• _Exercise brief_: Down to the last line, retype the records below exactly and skip the pictures.

• _Input_:

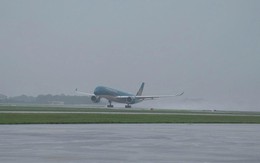 Hà Nội tiếp tục cảnh báo mưa dông, đã có 17 chuyến bay đến Nội Bài phải bay vòng chờ trên không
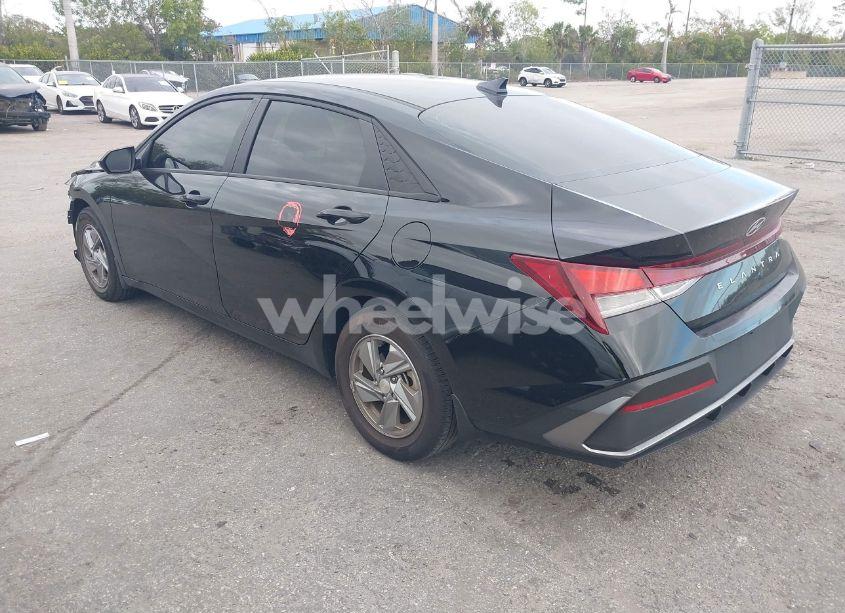 Photo 3 of 2024 Hyundai Elantra SE (VIN KMHLL4DG7RU739600)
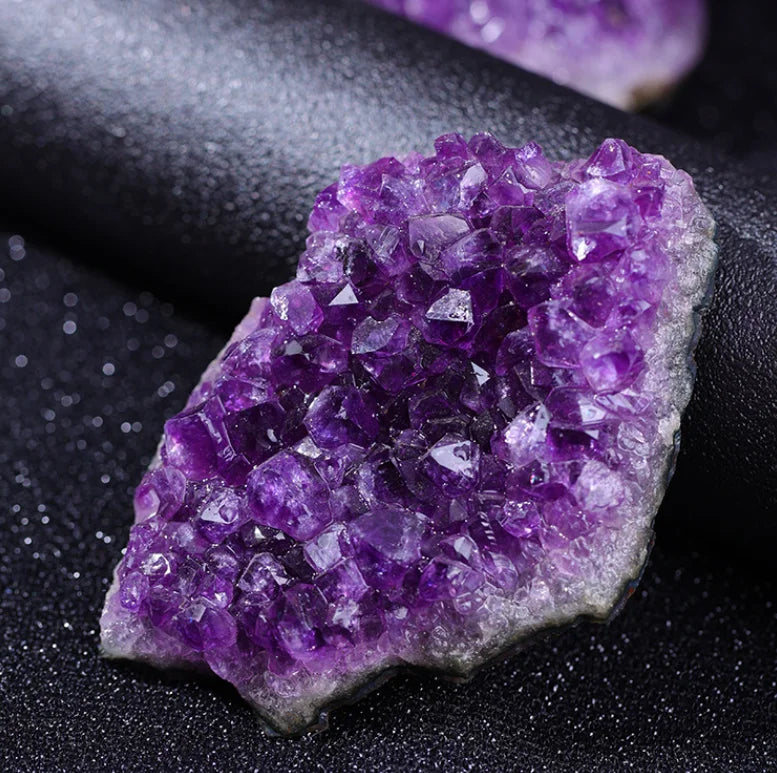 Amethyst Geode Crystal Wand — 10-70g Natural Quartz Stone Point for Energy Healing & Home Décor (30-50mm)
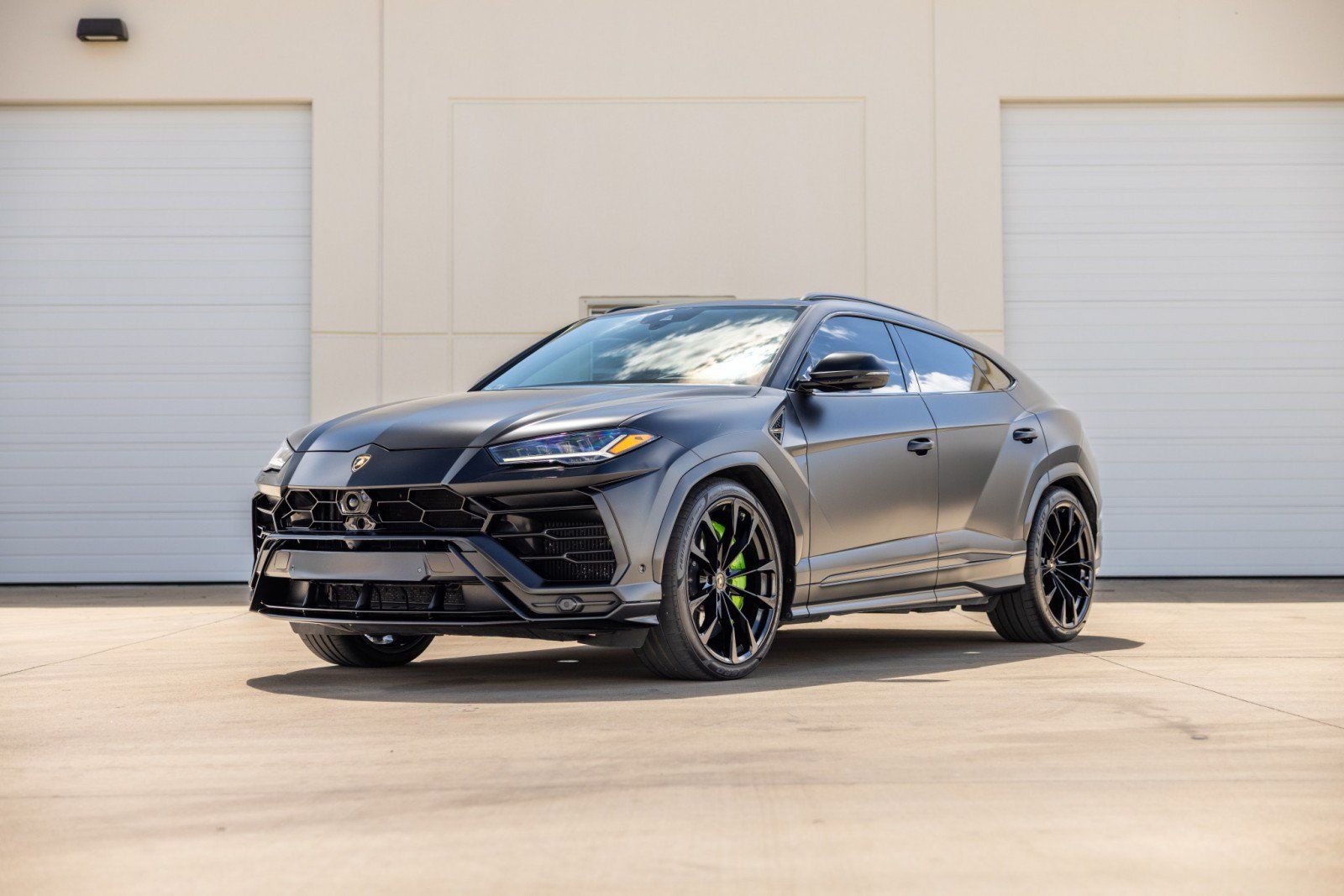 Used 2022 Lamborghini Urus AWD/4WD image 1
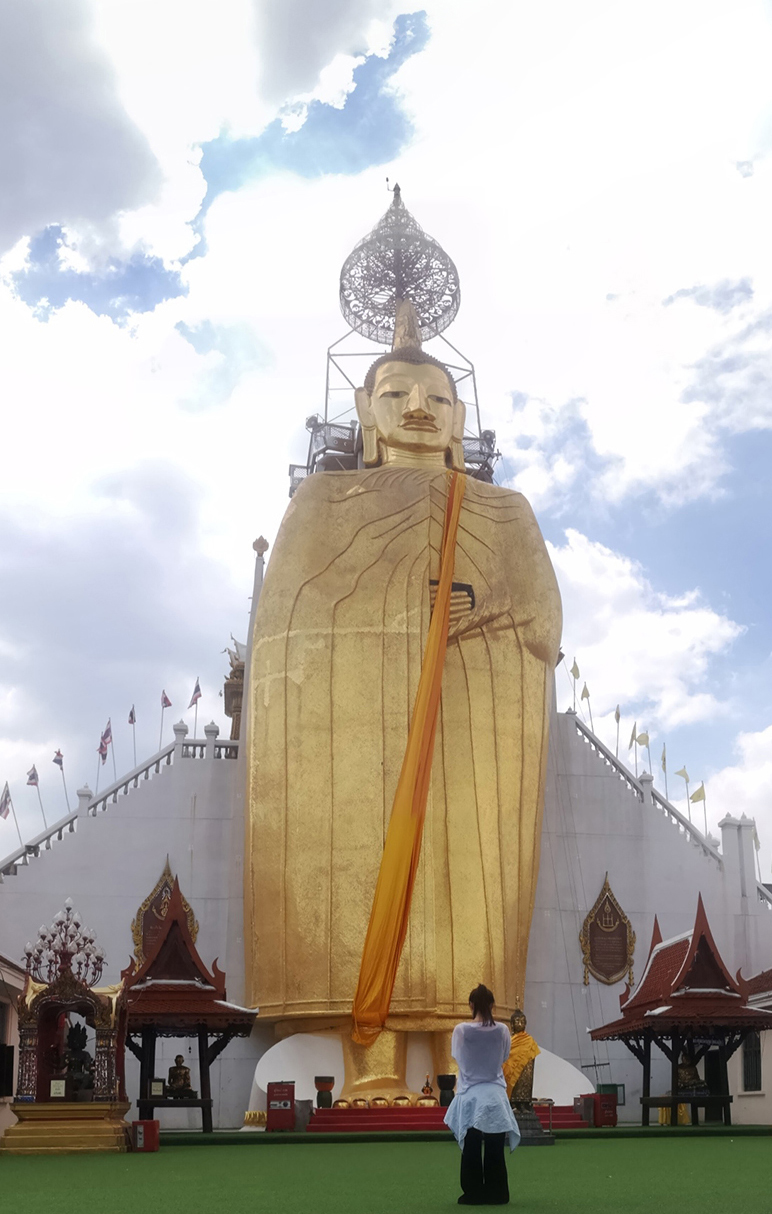Wat Intharawihan Gold Buddha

• _Problem solution_:
 Hà Nội tiếp tục cảnh báo mưa dông, đã có 17 chuyến bay đến Nội Bài phải bay vòng chờ trên không
 Photo 3 of 2024 Hyundai Elantra SE (VIN KMHLL4DG7RU739600)
 Amethyst Geode Crystal Wand — 10-70g Natural Quartz Stone Point for Energy Healing & Home Décor (30-50mm)
 Used 2022 Lamborghini Urus AWD/4WD image 1
Wat Intharawihan Gold Buddha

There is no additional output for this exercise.